PLAITING AND BASKETWARE

Heidi Munan

The plaiting of leaves or reeds is one of the earliest crafts practised by mankind. It may have begun when leaves were piled up to sleep on, or used to protect from the cold and rain. It was found that interlaced leaves provided more efficient protection against the elements. Leaves and reeds were also easier to obtain than animal skins. Prehistoric evidence of mat-making in Malaysia is scanty; vegetable artefacts do not last in an equatorial climate. Nevertheless, impressions of plaited wrapping materials were identified in some Neolithic burials in the Niah Caves, Sarawak. These traces of pandanus mats date back to 200 BCE–400 CE––not very old in a site where human occupation goes back 35,000 years.

In the Malay Archipelago, the basket-weaving, mat-plaiting people, primarily women, worked fibres mainly for domestic consumption; selling only surplus production to itinerant traders. Explorers, adventurers and colonialists of the past 200 years seldom mention the homely art in their writings. Instead, they noticed the splendid songket worn at the Malay courts, and few omitted descriptions of artistically finished, but deadly, weapons. But local traditions then did not permit a strange man much access to an ordinary family’s living quarters—the soldiers and traders who travelled in the Malay Peninsula hardly glanced at the mats that must have been spread for them to sit on. However, Hugh Low, a colonial administrator whose career started in Sarawak in 1846 and ended in Perak in 1889, noted the plaiting traditions. The women of Sarawak, he wrote in 1848, sometimes embroidered the corners of mats bought from the Natuna Islands (located between Terengganu and the Borneo coast) with a ‘border of open work of pretty patterns round the edges, and which is larger as the mats decrease in size, they being always made in sets, until the smallest one, which lies above, is formed entirely of open work.’ This description also fits some mats made in Terengganu.

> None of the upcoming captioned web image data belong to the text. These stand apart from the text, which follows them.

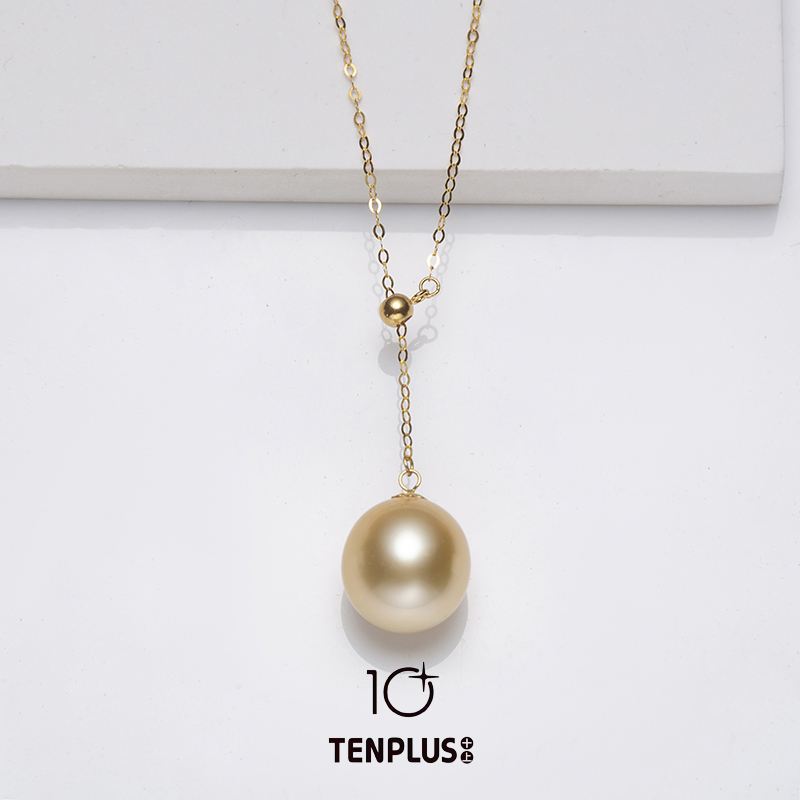 TENPLUS/十上18K金海水珍珠调节链9-10mm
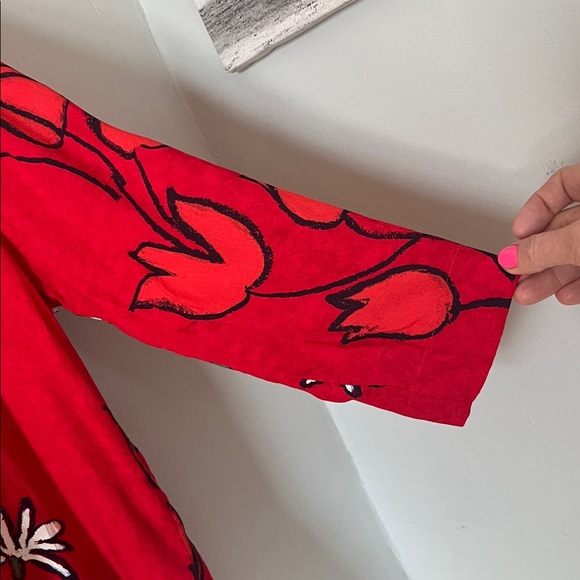 Jams World Red Floral Blouse - Picture 5 of 7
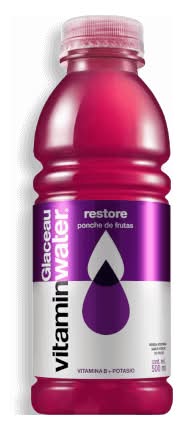 Vitaminwater · Bebida energética restore, ponche de frutas (500 ml)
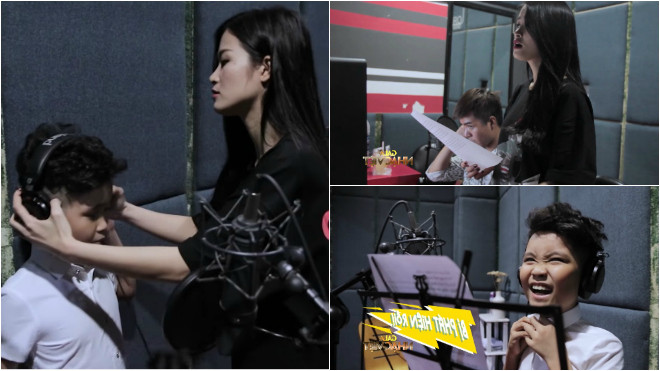 Đông Nhi ân cần chăm sóc trò cưng Nhật Minh thu âm ca khúc Tết Ảnh 2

Mats were not the only objects woven from leaves and reeds. In the days of open boats, travellers wore hats made from palm leaves on a rattan frame and carried their personal belongings in baskets, for example, a small basket to hold their smoking and betel-chewing ingredients. Pandanus mats were used to wrap goods, to line the floors of boats for people to sit on, and to spread over the heads and outstretched arms of deck passengers if a squall sprang up. Until the early 20th century, rural households owned very little wooden furniture. Mats were used for sleeping and sitting on, for covering and wrapping things, and for partitioning dwelling space. Goods were gathered, carried and stored in baskets, some of them fitted with lids. Maybe a sandalwood storage chest stood against the wall, or a wooden rack beside the clay hearth held dishes, but generally only the rich and members of the nobility patronized the cabinetmaker’s art. The common man and his family lived on mats.

mat

Mat made using natural and black dyed rattan strips by a Penan woman from Long Abang, Akah River, Baram. It has (from left to right), diamond cut, bird and teeth motifs.